For several reasons, Penn State needs to establish this ball-control style — not instead of Moorhead’s wide-open attack, but as its foundation. A purely finesse offense won’t work long-term in the smash-mouth B1G. As this season has proven, late-season weather can turn ugly quickly across the conference’s geographic footprint. And most teams, unlike Kent State, won’t repeatedly open themselves up to knockout punches before being softened up with a series of body blows.

For 57 minutes Saturday, Rahne got it right. You can quibble with the fact that McSorley threw only 5 passes after halftime, and that he ran more than necessary considering his sore knee. But boring efficiency was the order of the day against an injury-compromised opponent, and Rahne delivered.

And then the elephant showed up.

With Penn State at 7-3, Franklin has a path to a third straight 10-win season and top 10 final ranking. Barring an upset loss to Rutgers or Maryland, the Lions will finish this season on a streak of 33 games as a ranked team.

Even though McSorley and a couple other seniors will be sorely missed, the next two seasons beckon with huge breakthrough potential. If the young players in the trenches and through the middle of the defense make off-season gains in size and strength, Franklin’s quest for “elite” status might be in the offing.

But first, Franklin and Rahne need to vanquish the elephant.

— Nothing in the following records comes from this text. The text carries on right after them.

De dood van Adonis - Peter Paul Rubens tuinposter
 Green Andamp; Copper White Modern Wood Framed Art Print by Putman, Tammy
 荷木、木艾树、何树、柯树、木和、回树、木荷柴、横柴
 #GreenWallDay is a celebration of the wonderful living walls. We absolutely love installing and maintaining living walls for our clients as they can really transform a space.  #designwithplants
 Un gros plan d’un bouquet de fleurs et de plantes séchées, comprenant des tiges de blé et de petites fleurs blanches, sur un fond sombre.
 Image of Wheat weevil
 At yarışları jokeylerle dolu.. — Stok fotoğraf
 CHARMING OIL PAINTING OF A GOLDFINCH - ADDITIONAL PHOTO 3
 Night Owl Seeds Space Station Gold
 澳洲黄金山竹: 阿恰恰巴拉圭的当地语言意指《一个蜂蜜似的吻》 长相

At 38, Rahne earlier this year made ESPN’s “40 under 40” list of top college football coaches and staffers. He and Franklin need to get together and fix their end-game strategy. They need to have plans for protecting a two-score lead vs. a one-score lead. They need to have plans for killing 4 minutes of clock time vs. 2 minutes. When trailing, they need to be able to run a hurry-up offense without wasting timeouts.

In the best case scenario, these issues are nothing more than growing pains for a mostly young squad and relatively young coaches. Worst case, Rahne simply isn’t ready for the coordinator job, and Franklin has to make a tough call at season’s end.

If the games go as expected, Penn State should have opportunities to practice closing out victories the next two weeks.

It’s time for Penn State to finish like Lions, and send the elephant back to the big top. The circus has had a long enough run in Happy Valley. If Franklin and Rahne don’t send the pachyderm packing now, one or both of them eventually will end up leaving with it.